• Data for review:

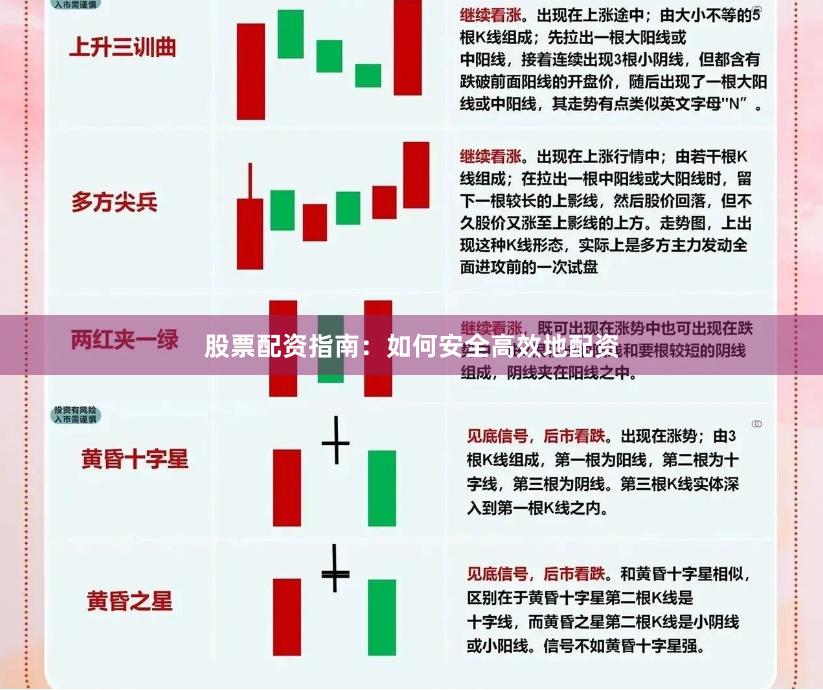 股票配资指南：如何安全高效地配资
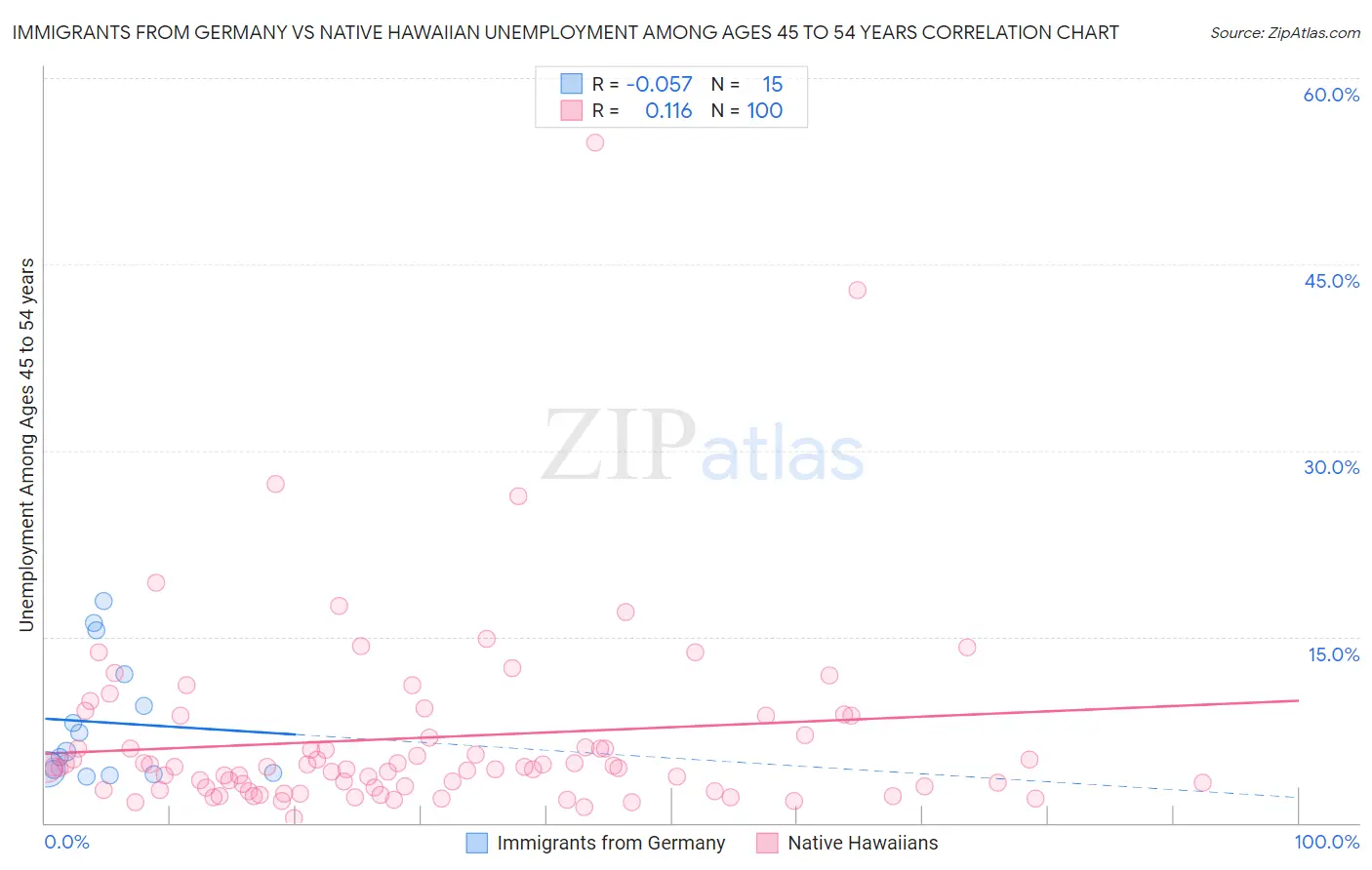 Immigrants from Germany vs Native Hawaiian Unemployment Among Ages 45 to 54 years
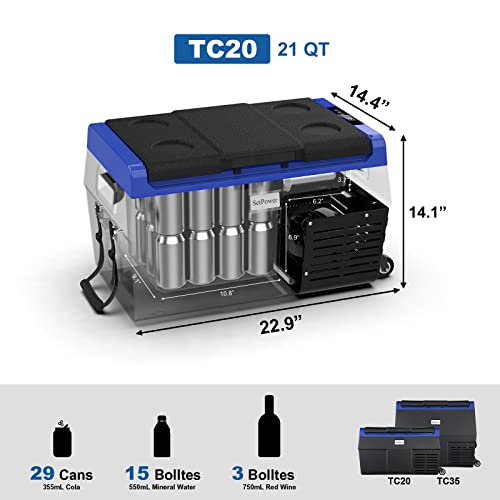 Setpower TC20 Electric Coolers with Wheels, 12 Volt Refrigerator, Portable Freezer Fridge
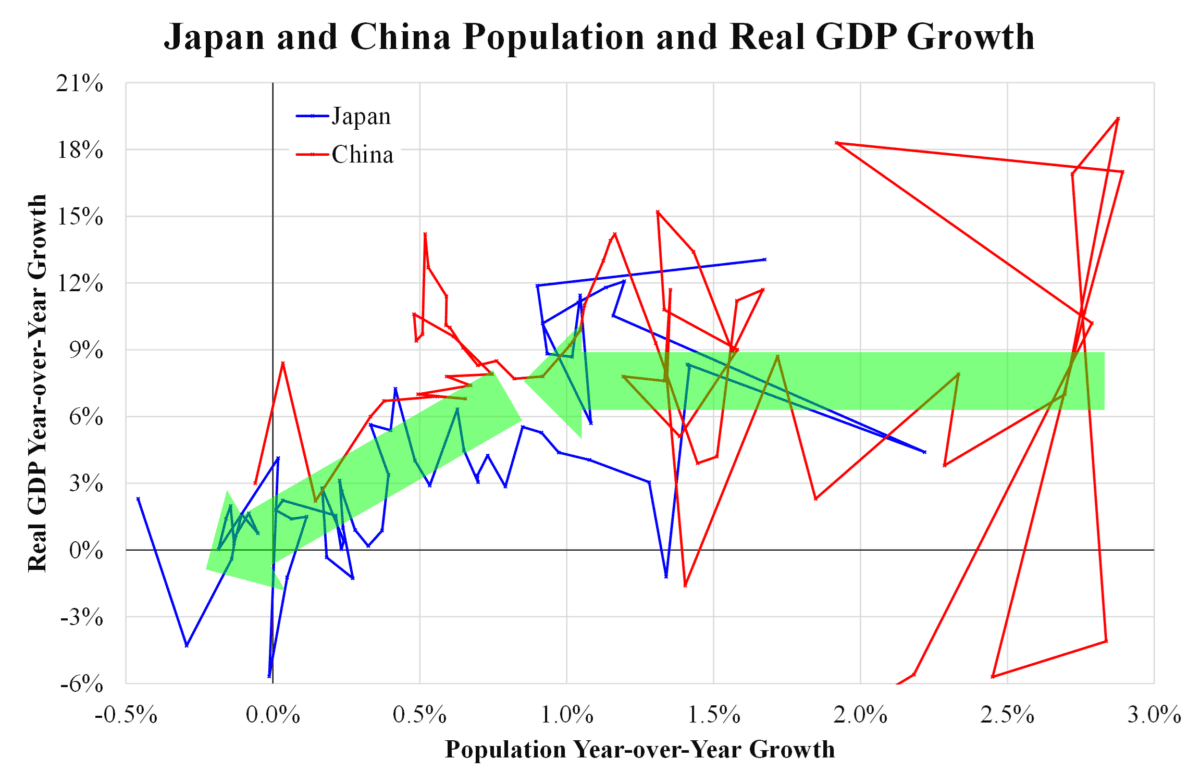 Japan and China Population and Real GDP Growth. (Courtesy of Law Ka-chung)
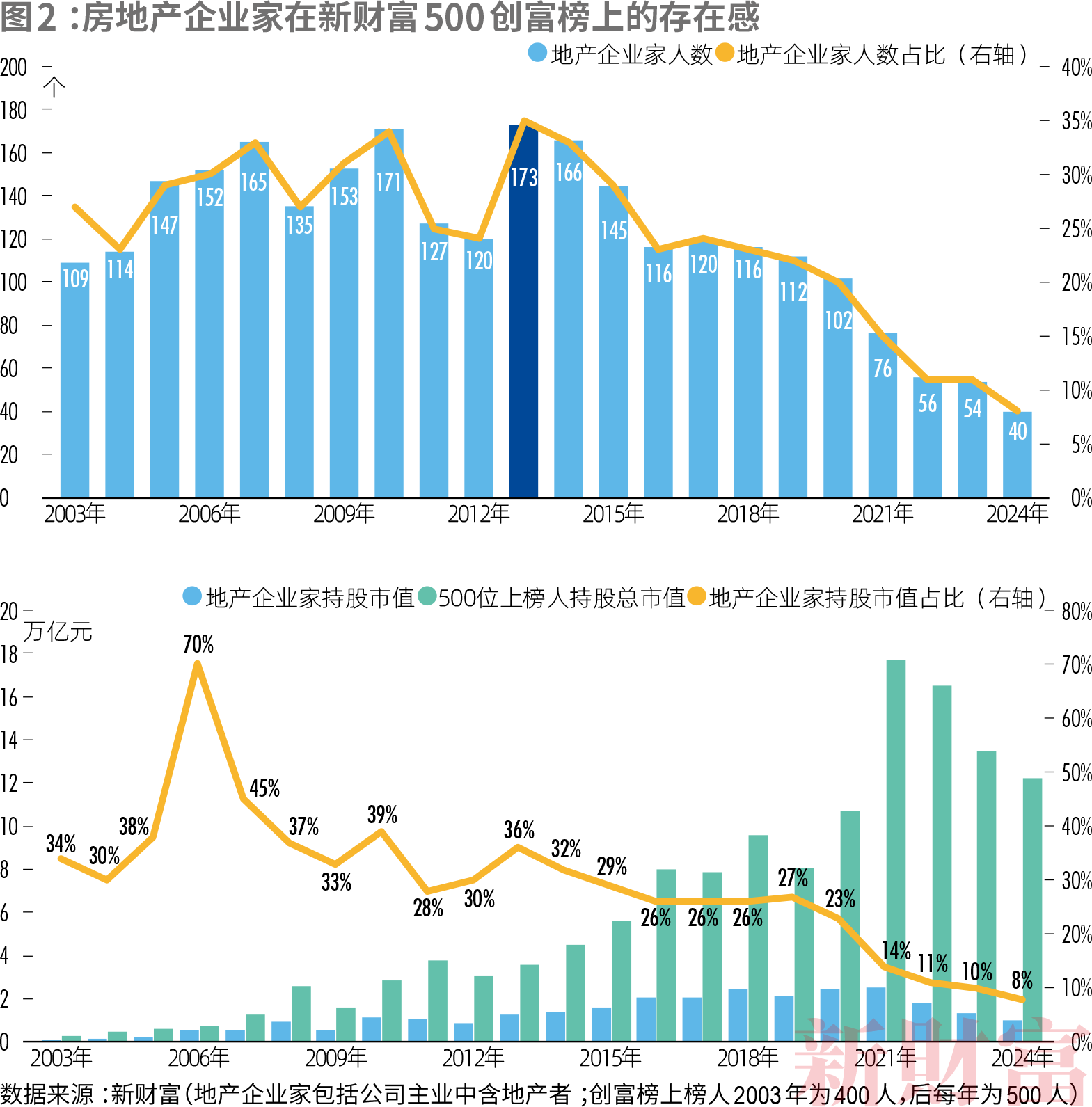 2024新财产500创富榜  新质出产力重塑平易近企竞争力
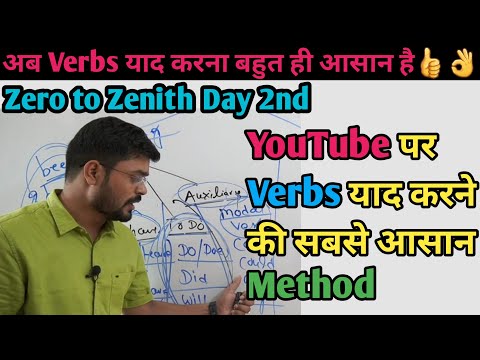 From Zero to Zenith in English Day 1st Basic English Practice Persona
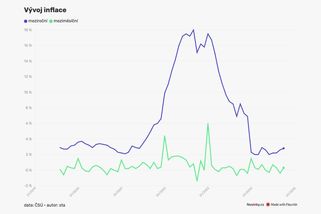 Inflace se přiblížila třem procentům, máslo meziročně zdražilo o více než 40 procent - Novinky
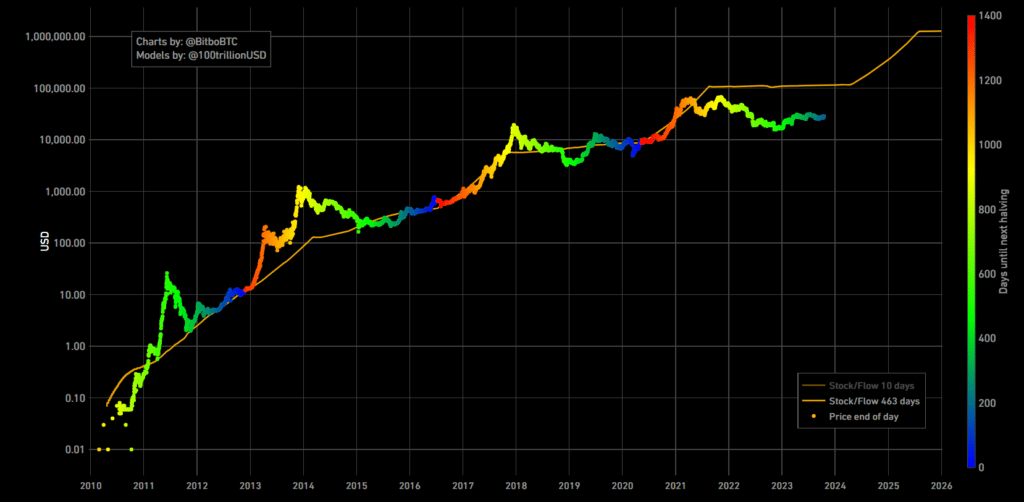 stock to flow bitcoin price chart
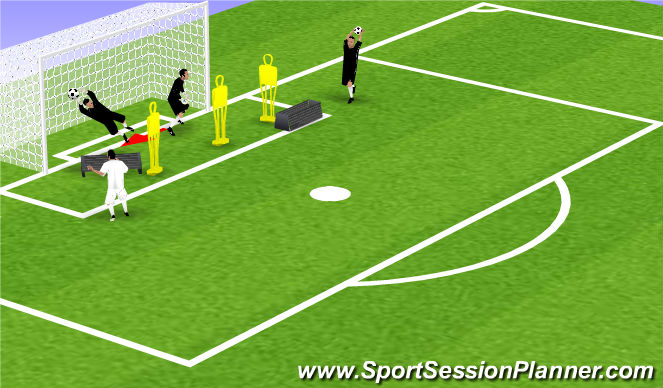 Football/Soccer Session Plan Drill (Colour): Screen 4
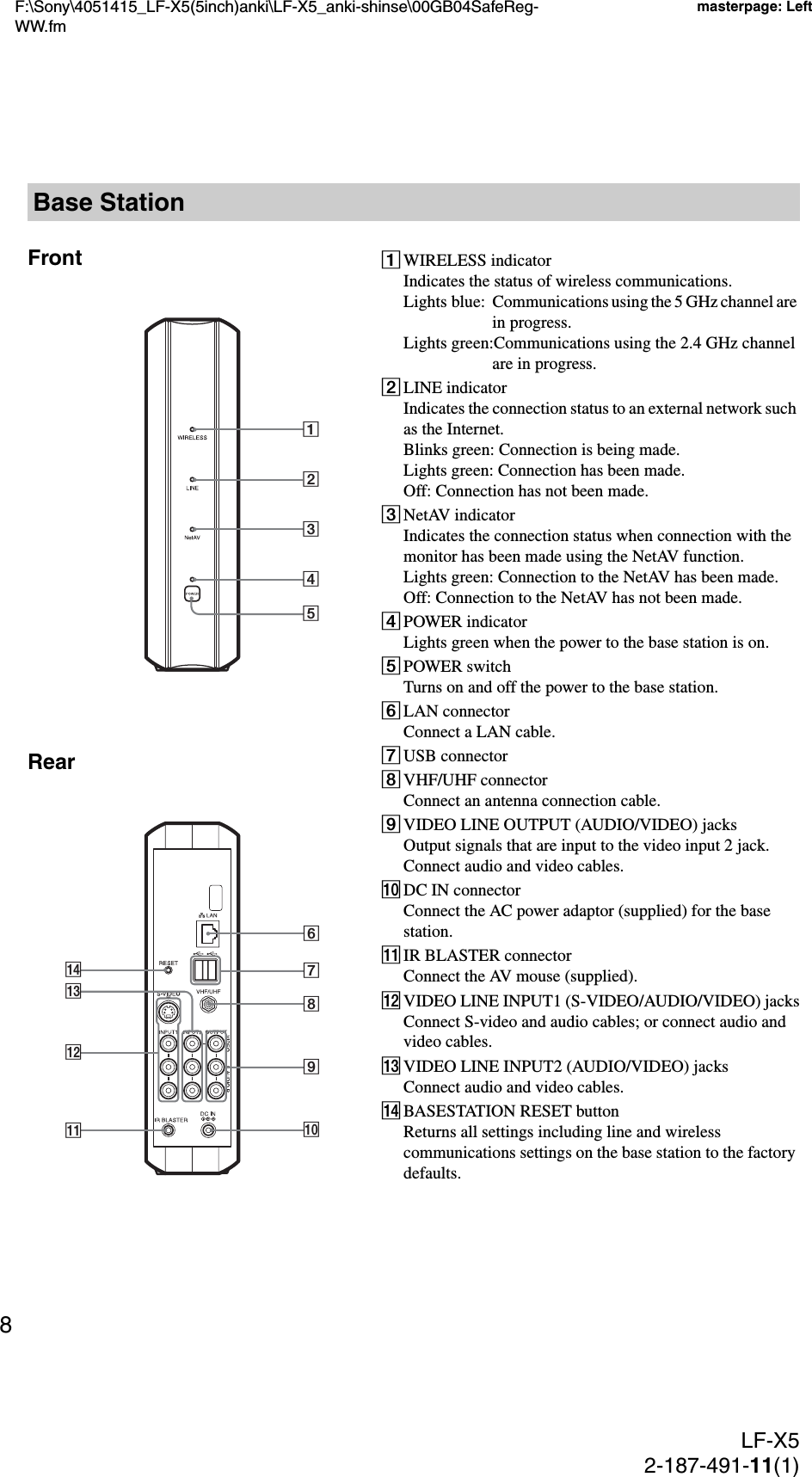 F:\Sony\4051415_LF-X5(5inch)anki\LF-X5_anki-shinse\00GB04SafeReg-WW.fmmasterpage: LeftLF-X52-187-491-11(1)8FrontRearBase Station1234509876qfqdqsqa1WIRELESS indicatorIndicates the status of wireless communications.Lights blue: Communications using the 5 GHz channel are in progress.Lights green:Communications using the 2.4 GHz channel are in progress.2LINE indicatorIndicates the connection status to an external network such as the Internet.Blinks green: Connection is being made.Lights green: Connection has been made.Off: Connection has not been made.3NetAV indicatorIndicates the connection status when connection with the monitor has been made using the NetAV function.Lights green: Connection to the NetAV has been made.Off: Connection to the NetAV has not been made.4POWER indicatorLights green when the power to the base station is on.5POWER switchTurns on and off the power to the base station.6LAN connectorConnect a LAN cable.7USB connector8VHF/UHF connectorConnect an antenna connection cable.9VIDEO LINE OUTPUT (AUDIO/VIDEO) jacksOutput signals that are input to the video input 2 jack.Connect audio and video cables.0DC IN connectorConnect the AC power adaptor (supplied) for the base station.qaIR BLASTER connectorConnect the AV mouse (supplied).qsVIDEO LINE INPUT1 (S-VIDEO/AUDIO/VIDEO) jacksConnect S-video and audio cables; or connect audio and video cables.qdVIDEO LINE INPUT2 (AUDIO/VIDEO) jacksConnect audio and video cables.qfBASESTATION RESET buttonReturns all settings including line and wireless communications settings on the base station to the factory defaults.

• Work task: Only what runs from the line containing "Inflace se přiblížila" through the end of the entries above should be extracted, exactly and without pictures.

• Task solution:
 Inflace se přiblížila třem procentům, máslo meziročně zdražilo o více než 40 procent - Novinky
 stock to flow bitcoin price chart
 Football/Soccer Session Plan Drill (Colour): Screen 4
 F:\Sony\4051415_LF-X5(5inch)anki\LF-X5_anki-shinse\00GB04SafeReg-WW.fmmasterpage: LeftLF-X52-187-491-11(1)8FrontRearBase Station1234509876qfqdqsqa1WIRELESS indicatorIndicates the status of wireless communications.Lights blue: Communications using the 5 GHz channel are in progress.Lights green:Communications using the 2.4 GHz channel are in progress.2LINE indicatorIndicates the connection status to an external network such as the Internet.Blinks green: Connection is being made.Lights green: Connection has been made.Off: Connection has not been made.3NetAV indicatorIndicates the connection status when connection with the monitor has been made using the NetAV function.Lights green: Connection to the NetAV has been made.Off: Connection to the NetAV has not been made.4POWER indicatorLights green when the power to the base station is on.5POWER switchTurns on and off the power to the base station.6LAN connectorConnect a LAN cable.7USB connector8VHF/UHF connectorConnect an antenna connection cable.9VIDEO LINE OUTPUT (AUDIO/VIDEO) jacksOutput signals that are input to the video input 2 jack.Connect audio and video cables.0DC IN connectorConnect the AC power adaptor (supplied) for the base station.qaIR BLASTER connectorConnect the AV mouse (supplied).qsVIDEO LINE INPUT1 (S-VIDEO/AUDIO/VIDEO) jacksConnect S-video and audio cables; or connect audio and video cables.qdVIDEO LINE INPUT2 (AUDIO/VIDEO) jacksConnect audio and video cables.qfBASESTATION RESET buttonReturns all settings including line and wireless communications settings on the base station to the factory defaults.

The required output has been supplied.